All of our thoughts are organic, homegrown in our own minds. Even the ones we try to force come with the full awareness that we are making ourselves say that in our minds. They bubble up to the surface for a reason. Imagine yourself in a room with no windows or doors and picture each of your thoughts written on their own pieces of paper. Now, imagine taking the first thought, crumpling it up and throwing it into the corner of the room. If you keep doing that for every thought that comes in front of you, what will happen? Eventually, balls of paper will fill the room and you will have nowhere to go. You are then forced to deal with all of the thoughts at once. You could have done this one at a time when the thoughts came to you in the first place.

When everything is silent, and we are left with no important tasks, conversations or work, we are supposed to find time to deal with our thoughts. Maybe now and then, a small pile builds up in the corner when we need to be busy and distracted from paying attention to them. But, when a wave of no sound comes along, we must ride it and recognize, understand and appreciate our thoughts. When there is no sound around me, I should not ignore the sound within. 

What are you thinking about? We learn a lot about ourselves in these moments: what brings us pain, pleasure, anxiety, elation, depression, happiness, anger, love… Now find your breath.
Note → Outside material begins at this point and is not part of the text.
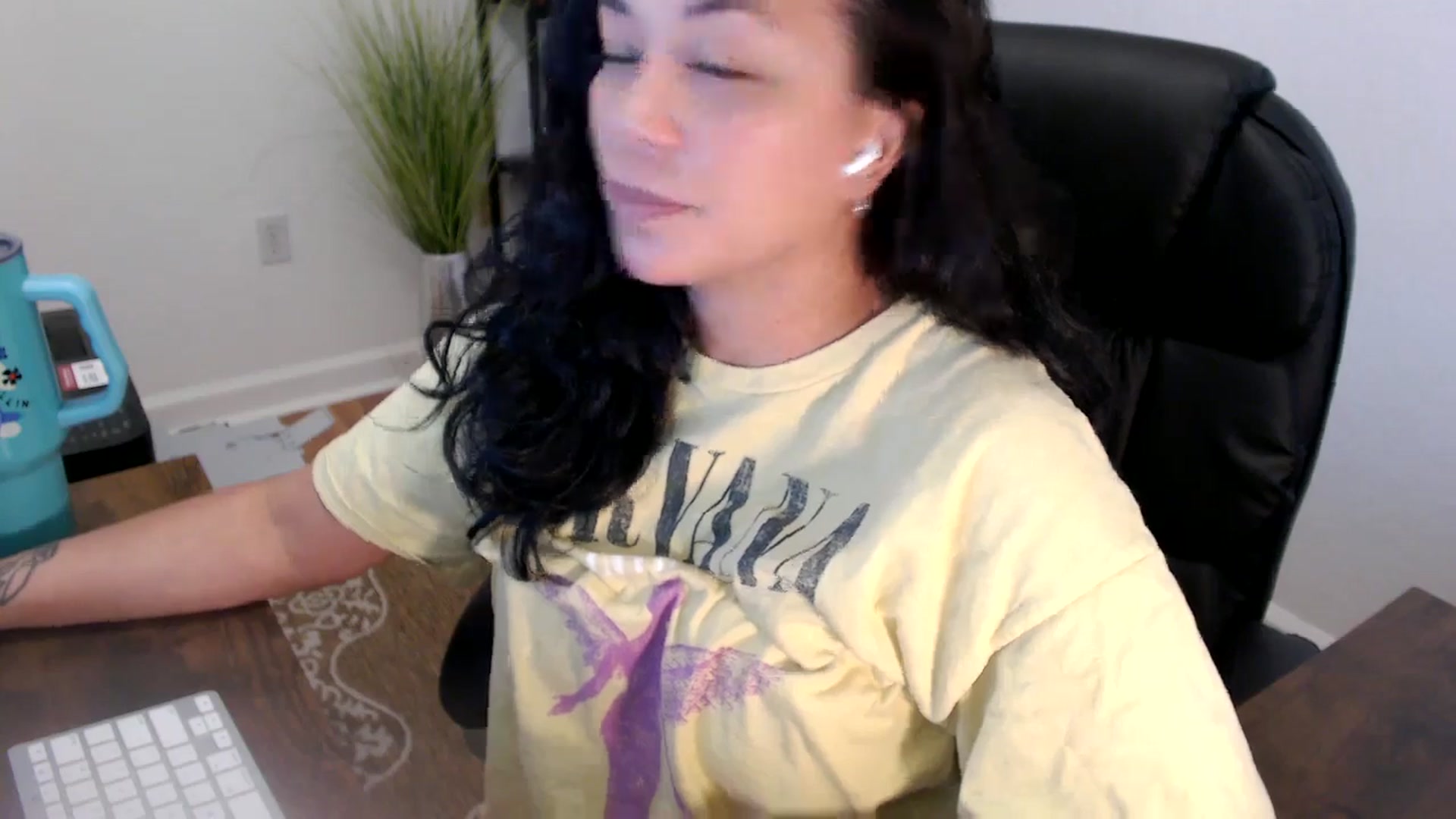 Gallery image thumbnail from MickaylaStar's myfreecams stream on, 06/10/2025, 18:24 image 19 of 20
We always come back to the breath to keep ourselves from over-thinking. It is like a pause in a sentence to keep us from becoming overwhelmed with a story. Many of us, including myself, fear silence and thinking because we know we are our own worst enemies. We know that we will think a little, maybe even enjoy the short bliss, but will eventually begin to pick those thoughts apart past their core meaning and twist it around until it is no longer true to ourselves. Remember: Nowhere to go, nothing to do. Just breathe.
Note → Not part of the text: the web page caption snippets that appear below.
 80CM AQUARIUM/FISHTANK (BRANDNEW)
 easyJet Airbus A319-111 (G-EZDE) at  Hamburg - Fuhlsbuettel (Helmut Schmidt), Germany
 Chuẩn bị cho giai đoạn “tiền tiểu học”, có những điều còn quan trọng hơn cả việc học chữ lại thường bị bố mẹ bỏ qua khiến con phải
In moments of silence, find somewhere to lay or sit comfortably. Close your eyes and allow your mind to wander. Keep your breath steady and present, but somewhat shallow. Allow your thoughts to surface softly; if a thought is too painful, move on but keep it close by for a later time. Allow the thoughts to drift in and out as they please until you are no longer comfortable. Take a break for a minute, hour, day or week, but continue until silence becomes a comfort rather than a last resort.

Being comfortable in silence is not easy. It is something we learn how to do on our own will to better our quality of life. In the end, we are our thoughts and that is something we will always be. We must take care of them so we can take care of ourselves. Recognize yourself, understand yourself and appreciate yourself.